This was published on August 1, 1983 in
"De Noord-Amsterdammer" (a local paper for Amsterdam-Noord).


It's not always the empty vessels that make the loudest sound

AMSTERDAM-NORTH. -- Fortunately they rehearse in a refurbished bank vault, because over the past two years the North-Amsterdam punk-band Mornington Crescent has not only become ten times as fast, but also twelve times as loud. "That is our goal, to become the loudest band in Amsterdam, if we are not so already," solo-guitarist Stan reports.

Punk dead? Think twice. Not only does Mornington Crescent keep this genre alive, as often happens with all sorts of bands that can not escape their childhood, but they also bring an enlivening of Punk. Perhaps this is possible because Erik (drums, --constantly producing steam from behind the drums in a very special way), Emile (guitar), Stan (guitar), Jasper (bass) and Hans (vocals) just keep doing it for fun. "We all like different kinds of music, but this music is the best for us to play, the best way to blow off steam."

It all starts rather cliche over two years ago. A couple of friends rehearse in a garage - which they have had to abandon due to the noise - a couple of gigs at schools follow and they keep enjoying it. "Even though there are hardly any places in Noord for bands to rehearse." Then their star is rising: two gigs at the Paradiso. Almost obligatory for a band in their genre to move ahead. And move ahead they do. A self-published single appeared and they hope to be gigging regularly the coming year.

In the meantime the band has had twelve different names and some 25 band members have come and gone. "The singers were either just not good enough or they didn't speak English well enough," Erik says. During the rehearsal I really wonder whether proper knowledge of the English language is actually needed.
The Frankenstein-like sound that Hans produces sounds mean, but is well intended. Unfortunately he can hardly be heard over the guitar parts. "Oh well, actually the lyrics are not that important, it's the vocal support that matters. The lyrics don't have any political content or anything. We do have one song against religion, but then you have to," Jasper quips. And Mornington Crescent, does that mean anything? Stan: "I was in England and I ended up at a subway station by that name. It just sounds good."

Rough, is a good word to describe Mornington Crescent's songs. Tight compositions with successive changes in accent and accelerations, like water in a mountain stream that is sometimes pressed through narrows to finally end in a waterfall. Time of this flow from start to end is usually not longer than about a minute and a halve, although there is a sullen song that lasts a bit longer. "Was it three verses or two?" They write their own songs, of course. "We don't copy anything, but inevitably you will use things from music you like, unintentionally. Covering songs is just not possible because our individual tastes are very different," Stan tells convincingly. The Dead Kennedys and Motorhead t-shirts illustrate his story. With a repertoire of about 25 songs it is not easy to stay original. "This is possible because all the band members write the songs. Someone suggests something and the others add to it. The lyrics then follow."
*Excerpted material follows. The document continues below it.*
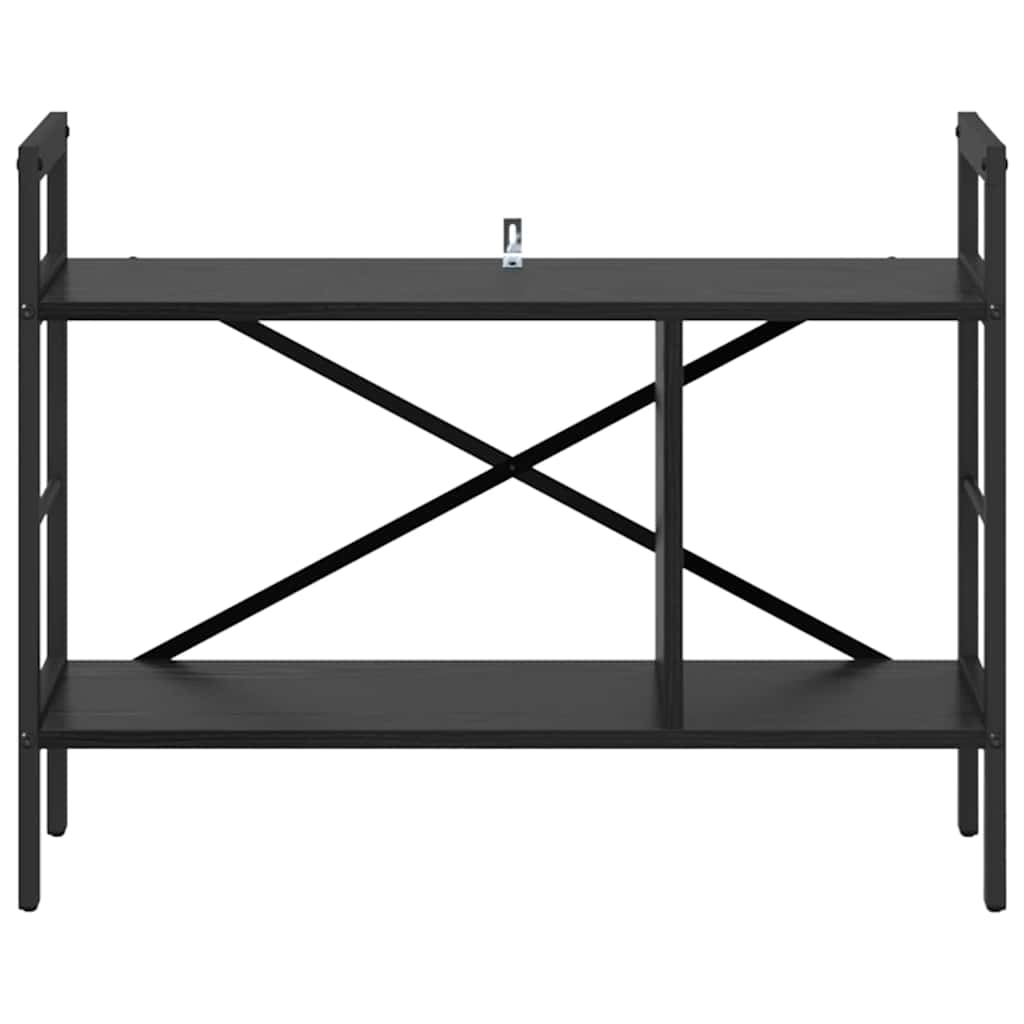 Bücherregal Schwarz Eichen-Optik 75 x 30 x 58,5 cm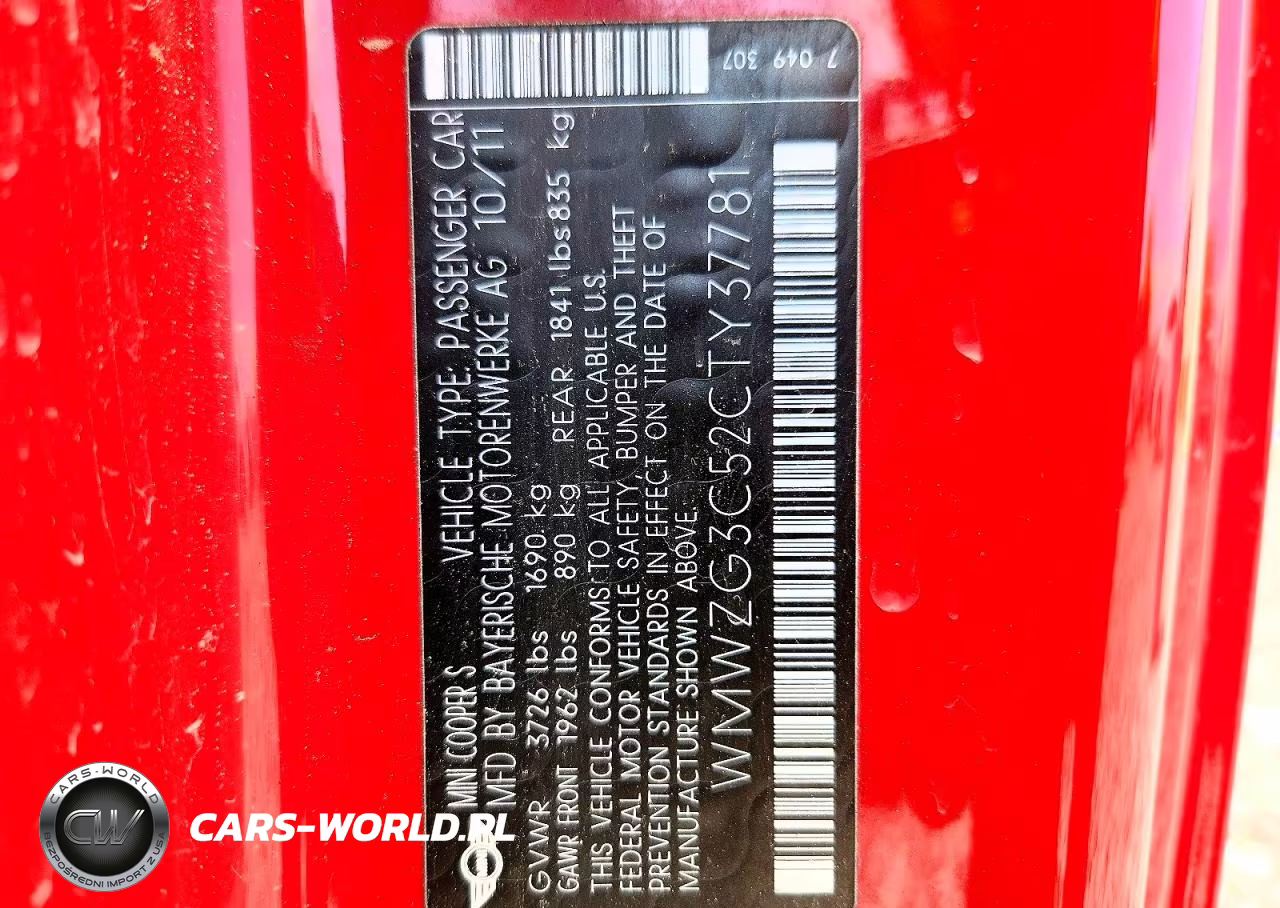 2012 Mini Cooper S Clubman VIN:WMWZG3C52CTY37781 - 12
About their successful counterparts Drukwerk - other bands in Noord usually have a short life span - "We used to like them. A nice band that, especially in the beginning, made nice music. But now they have become too commercial." Jealousy or not, Mornington Crescent will not be fit for the disco for a while. But for anyone that wants to consume some cheerful decibels and blow off some steam, a Mornington Crescent gig is the king of the crop.